Speculation as a Fine Art, Dickson G. Watts, 1880 - This books precedes even Jesse Livermore and probably even inspired him. Speculation is as old as the hills and nothing much has changed in centuries since Cardano although what we speculate on and how we do it has changed over the years. This is a very tiny book - like finish in an hour or two sort of short, even for an extremely slow reader like me. In terms of content though, its filled with several gems.

My notes -

  • Speculation and gambling - former presupposes intellectual effort, some calculation, some reason while the latter is blind chance, but also involving some reason and some calculation - like wit and humour, its a spectrum

  • Those who make for themselves an infallible plan are deluding themselves and others

  • Essential qualities of a speculator - self-reliance, judgement, courage, prudence, pliability

  • A man cannot have another man’s ideas any more than he can have another man’s soul or body (self-reliance)

  • Prudence - Measuring danger with a certain alertness and watchfulness

  • Prudence and courage must be balanced. Prudence in contemplation, courage in execution - promptness should connect the two - the mind convinced, the act should follow (I think of this as being patient yet nimble - two contrary, yet complementing characteristics in speculation)

  • Pliability - the ability to revise or change an opinion. He who observes, and observes again, is always formidable (Emerson)

  • The 5 qualities should be balanced - any deficiency or surplus of one quality can destroy the effectiveness of all. Hence, many fail and very few succeed

  • To take an interest larger than the capital justifies is to invite disaster (don’t overtrade)

  • Never completely reverse a position on a whim (Long to short or vice-versa). Judgements should be made moderately, cautiously, clearly

  • Run quickly, or not at all (If you are going to panic, panic early as Taleb says)

  • When doubtful of position size being large, sell down to a sleeping point

  • It is better to average up than down as a speculator. To average down, do it in small amounts over long periods and be determined to hold over a long period (investing)

  • Stop losses and let profits run. Not to have courage to accept a loss, and to be too eager to take a profit is fatal

  • Too much company is as dangerous as going against the market

  • Quiet, weak markets are good markets to sell. They develop into declining markets. When decline becomes panic, its time to buy. Sell into excitement with great confidence

  • It is better to act on general than special information

  • When in doubt, do nothing. Don’t enter on half convictions

  • Act so as to keep the mind clear, its judgement trustworthy (avoid greed and fear)

  • A fault recognized is half-conquered

  • Fools try to prove they are right. Wise men try to find when they are wrong

  • Who says least, suggests the most

  • All see, few observe

  • Common sense is sense men have in common (interesting take - so its relative & not absolute / rational?)

  • Look before you leap, but not when you leap

  • The greatest tolerance is to tolerate the intolerant

  • Respect your limitation and your limitations will respect you

  • Put on the brakes in middle life, or the momentum of youth will destroy you

  • The man who knows it all, has much to learn

  • Genius consists of seeing instantly the vital point

  • The more points of view, the better the point of view

  • Morals & money - alone a great power, together omnipotent

  • At 30, most men are in a condition of arrested development (few grow till the grave)
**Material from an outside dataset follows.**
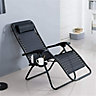 Abaseen 1x Sun Lounger Zero Gravity Chair, Garden Folding Recliner Chairs with Cup and Phone Holder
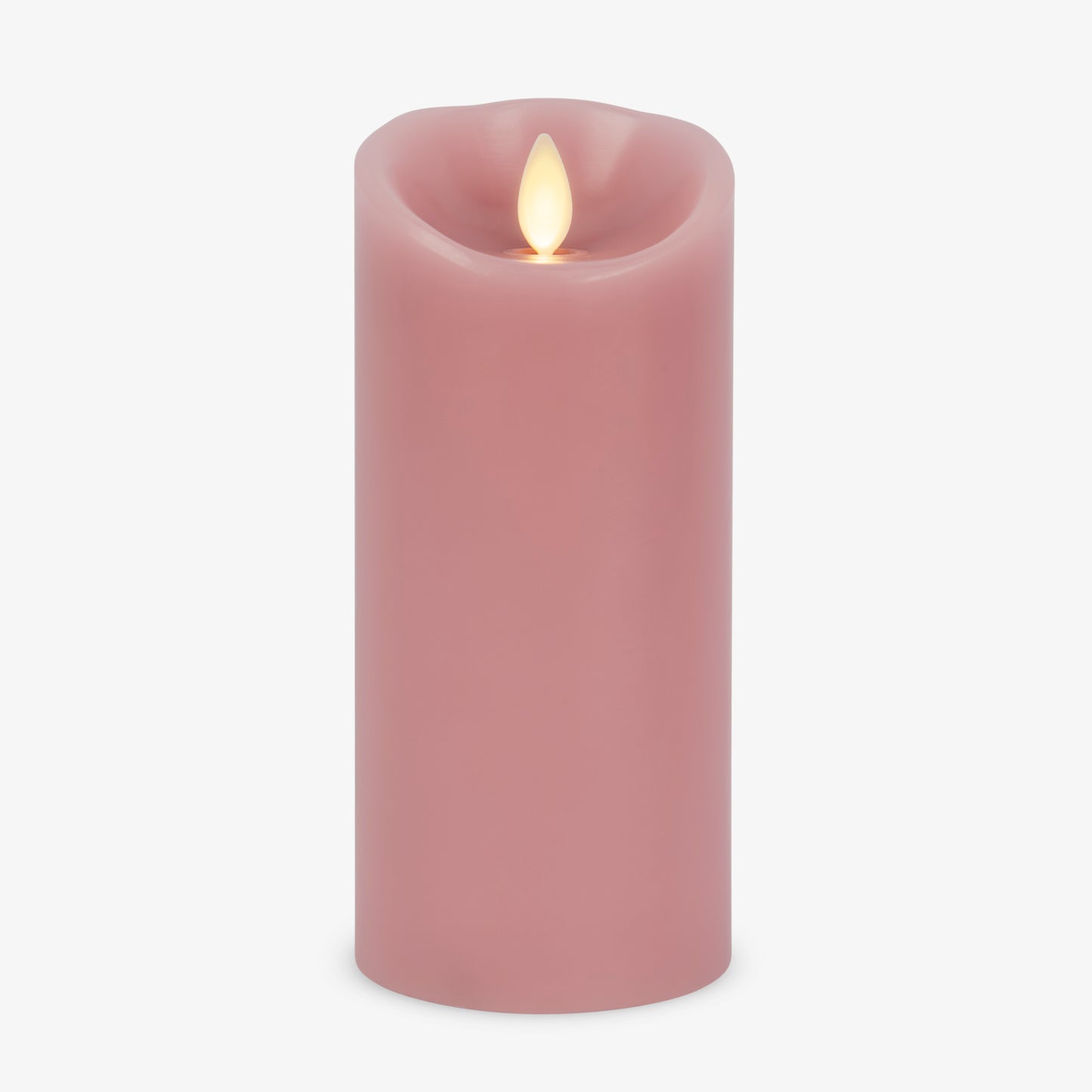 Blooming Mauve Scallop Flameless Candle Pillar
  • In youth, a man forges the chains that bind him in old age (i had chains and things by bb king playing in my head)

  • Acquire a habit and a habit has acquired you

  • A man who does not change his mind has little mind to change

  • Many a slip between the cup and the lip, but only one between the cup and the floor (ruin?)
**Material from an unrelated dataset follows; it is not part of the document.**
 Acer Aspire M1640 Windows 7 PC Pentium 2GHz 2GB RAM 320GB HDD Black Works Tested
  • Never explain. Let your life be the explanation

  • Wisdom consists of seeing many things and concentrating on one thing

  • Teach by suggestion, rather than instruction

  • Two kinds of vision - to see things as we see them. to see things as others see them

  • Argument is an effort of each man to force his idea onto another. discussion, an effort to gain knowledge

  • Man begins in simplicity, advances to complexity, returns to simplicity. Society follows the same course (he felt it complex in 1880, it has only gotten more so since)

  • Bragging is an expensive luxury to indulge in

  • Man must reduce his physical wants to a minimum and spiritual powers to the maximum

  • Opportunities are always there, but the opportunist is lacking

  • Stubborn men dont live for long financially

  • Your impulses are often a higher reason (thinking from the gut)
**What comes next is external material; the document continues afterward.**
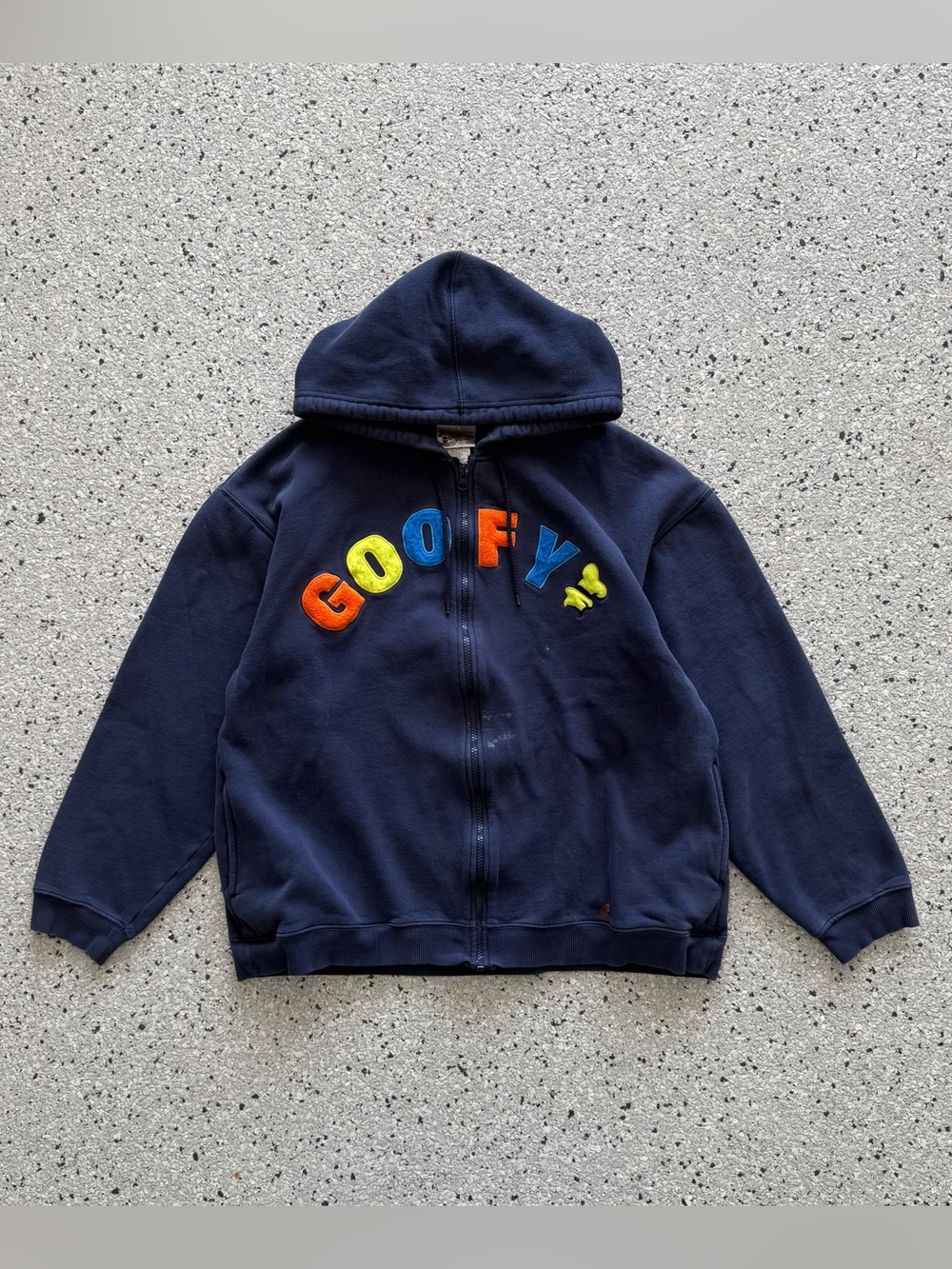 Vintage Walt Disney World Goofy Hoodie Zip-Up Sweatshirt Navy Blue Size Large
  • Man who thinks quick and right, has the world on a sling

  • The more hindsight, the better foresight

  • Money adds nothing to an extraordinary man but is a saving grace to the ordinary

  • The little man demands to be understood, the great man is content to be misunderstood

  • The hobgoblin of society - “what people will say” (Incidentally read “what do you care what other people think” by Feynman right before this book)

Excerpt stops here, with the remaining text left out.